# GOAL OF THE EXERCISE
Search the records below for the string "Image" and copy each line where it turns up.

# RECORDS FOR THE EXERCISE
>>>>>
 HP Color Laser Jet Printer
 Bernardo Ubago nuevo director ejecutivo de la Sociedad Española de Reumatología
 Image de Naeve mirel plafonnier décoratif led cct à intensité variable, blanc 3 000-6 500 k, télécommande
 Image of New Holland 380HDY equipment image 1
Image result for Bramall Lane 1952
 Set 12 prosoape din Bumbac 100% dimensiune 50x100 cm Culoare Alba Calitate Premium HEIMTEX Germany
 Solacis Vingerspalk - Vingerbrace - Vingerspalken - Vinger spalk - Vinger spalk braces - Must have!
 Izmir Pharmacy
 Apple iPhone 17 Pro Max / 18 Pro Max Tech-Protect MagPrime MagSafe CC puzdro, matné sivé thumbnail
<<<<<
>>>>>
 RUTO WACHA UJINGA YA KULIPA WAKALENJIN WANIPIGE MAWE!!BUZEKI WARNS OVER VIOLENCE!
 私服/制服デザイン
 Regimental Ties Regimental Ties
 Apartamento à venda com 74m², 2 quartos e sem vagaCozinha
<<<<<
>>>>>
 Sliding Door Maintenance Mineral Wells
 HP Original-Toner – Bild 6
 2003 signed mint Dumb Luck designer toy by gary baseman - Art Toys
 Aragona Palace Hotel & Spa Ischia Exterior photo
<<<<<
# RESULT OF THE TASK
 Image de Naeve mirel plafonnier décoratif led cct à intensité variable, blanc 3 000-6 500 k, télécommande
 Image of New Holland 380HDY equipment image 1
Image result for Bramall Lane 1952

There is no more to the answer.